You have broken up a ring of seven apparently identical aliens who have been plotting to blow up four planets in a solar system.
You apprehended them while they were implementing their plans, but you don’t know how far they got, so each of the planets may or may not be blowing up tomorrow. All of the aliens know which planets are safe, and which are doomed. You need to determine which planets will blow up and evacuate them, but, because evacuation is so costly, you do not want to evacuate any planets that are safe.
However, you can ask only one yes/no question of each alien, and you know that all will tell the truth except for one of them, and that one may chose to lie or not to lie, but you don’t know which one that one is. What seven questions do you ask?
Are we restricted to yes/no questions? Cause if not, I’d put them in separate rooms* and ask each one which planets are safe.
- not strictly necessary for the ones that always tell the truth, but it’s standard operating procedure for interrogations, so what the heck.
btw, ask each of them “Will you answer this question with the word ‘no’?” and watch what happens.
I’ll assume we know which four planets may or may not blow up. That is, they’re aren’t, say, twelve planets in the system, any four of which they may have been targetting.
Ask the first alien about planets 1, the seocnd about planet 2, and so on. Ask alien 5 if 1, 2 and 3 gave the correct answers. If yes, you ask the last two aliens about planet 4. If no, ask alien 6 if 1 and 2 gave the correct answers. If alien 6 says yes, ask 7 about planet 3. If no, you know either alien 1 or alien 2 lied, but not both, so ask alien 7 about either planet 1 or planet 2.

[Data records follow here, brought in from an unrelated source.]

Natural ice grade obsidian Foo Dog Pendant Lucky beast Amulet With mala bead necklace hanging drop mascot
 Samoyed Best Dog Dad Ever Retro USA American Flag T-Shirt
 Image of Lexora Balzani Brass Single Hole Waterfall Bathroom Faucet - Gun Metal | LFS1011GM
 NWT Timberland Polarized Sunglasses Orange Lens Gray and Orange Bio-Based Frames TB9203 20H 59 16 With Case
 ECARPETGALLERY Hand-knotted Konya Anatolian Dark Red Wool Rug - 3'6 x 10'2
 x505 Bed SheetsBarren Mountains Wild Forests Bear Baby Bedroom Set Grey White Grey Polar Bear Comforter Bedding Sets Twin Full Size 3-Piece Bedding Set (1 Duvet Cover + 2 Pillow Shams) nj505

You now have enough information.
Off to MPSIMS.
-
I’d ask the first three whether it was necessary to evacuate any planets at all. If two or more said yes, then I would assume their plan was in an advanced state.
-
Assuming that it was, I’d ask the next three whether I needed to evacuate MY planet, and again, if tow or more said so, I would.
-
At this point I either have 1 or 4 questions left. I’d probably want to know about the existence of God, or more practically, whether or not to buy Cisco stock.
As for the other three planets, let them catch their own aliens.
Actually, now that I re-read this, I could ask questions of two aliens rather than three, and one or more “yes” would indicate true. Sorry.
Zenbeam’s scheme would seem to work. But how about if we add the condition that you have to formulate all 7 questions before you ask any of them? E.g. the aliens are all in a room somewhere, and you must send them your list of 7 questions which they answer in order. Only then do you receive the answers.